Tribal Sovereignty Can't Protect Patents From Inter Partes Review
It's the end of the road for Native American tribes that tried to invoke sovereign immunity to protect patents.
In Saint Regis Mohawk Tribe v. Mylan Pharmaceuticals, the U.S. Supreme Court denied a petition to review a decision against Allergan for transferring a drug patent to the Saint Regis Mohawk Tribe. The company transferred the patents, then leased them back, to get around an inter partes challenge to the patents.

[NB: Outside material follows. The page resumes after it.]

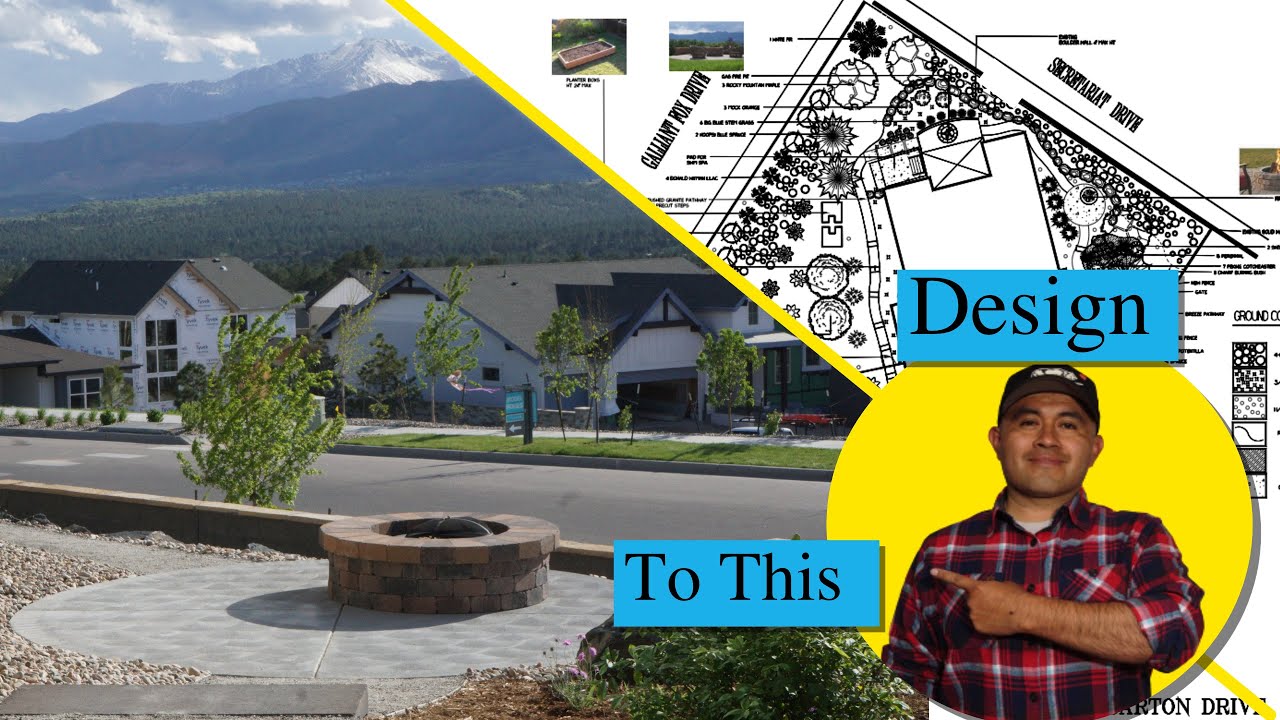 Fire Pit Patio ideas and Design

So actually, it's the end of the patent-scheme road for Allergan. The tribes just won't be getting any more money for such sovereignty deals.
No Sovereignty Deal
More than 500 Native American tribes have a carved out piece of America, which includes sovereignty within the laws of the United States. In recent years, some made money through patent leasing.
The Saint Regis Mohawk Tribe did it with Allergan. It was a good deal, including a $17.5 million origination fee and $15 million a year after that. But in 2016, Mylan Pharmaceuticals petitioned for an inter partes review of Allergan's the tribe's patents. The tribe moved to terminate the proceedings, arguing its sovereign immunity, but it didn't work.
The U.S. Federal Circuit Court of Appeals said the United States Patent and Trademark Office acts for the United States as a "superior sovereign." It has the power to review its own grants of patents, the appeals court said.
Allergan petitioned the Supreme Court, and the rest is history -- short as it was.
A Short History
While some tribes have made money in casinos and other ventures, the patent deal could have been a valuable revenue source for the Mohawk Tribe.
"We realize that we cannot depend solely on casino revenues and, in order for us to be self-reliant, we must enter into diverse business sectors to address the chronically unmet needs of the Akwesasne community, such as housing, employment, education, healthcare, cultural and language preservation," the Mohawk Tribe said.
At the time, BioPharm Insight said it could lead other Native American tribes to pursue similar opportunities. Not anymore.